Ele vestia uma capa de chuva amarela, tinha olhos claros e carregava uma foto da filha, acompanhada de um número de telefone para contato. Ele era um entre milhares de familiares que desconheciam o paradeiro de seus parentes. O “não saber” é uma facada no peito. Sua filha, Melissa, 28 anos, trabalhava havia pouco tempo no 102º andar do WTC 1. Ao falar nela, David fazia acreditar a nós jornalistas que a Melissa, de fato, tinha escapado da torre: era descolada, palavras dele, e chegou a ligar pro número de emergência 17 minutos após o atentado. Eu falei pra ele: “Eu te vi na TV em busca da Melissa”. Ele respondeu: “Falar com a imprensa é a parte boa do meu dia”. Eu estava acompanhada por um fotógrafo belga, e pedi pra ele tirar uma foto daquele pai.
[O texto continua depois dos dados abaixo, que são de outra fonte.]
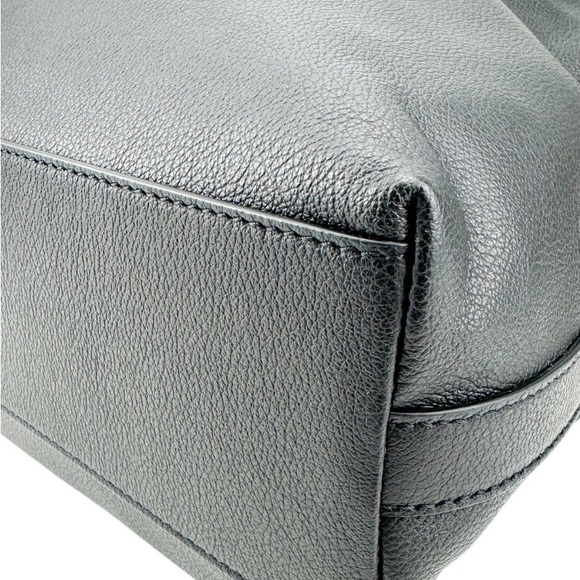 NEW!!  Versace Black Medusa Head Hobo Bag - Picture 6 of 10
A foto ilustrou minha matéria, publicada no finado site No ponto.
Entrevistei tanta gente naqueles meses, vi e ouvi tanta tragédia, por que será que o David foi a pessoa que mais me marcou? Por uma simples razão: a certeza de que o meu pai faria exatamente o mesmo por mim. Deixei a entrevista aos prantos, e nunca mais esqueci. Semanas mais tarde, descobri que Melissa não sobreviveu. Sempre que vou a qualquer memorial, busco seu nome em meio aos quase 3 mil que perderam a vida naquele dia. Menina linda e sortuda por ter um pai fenomenal – como o meu.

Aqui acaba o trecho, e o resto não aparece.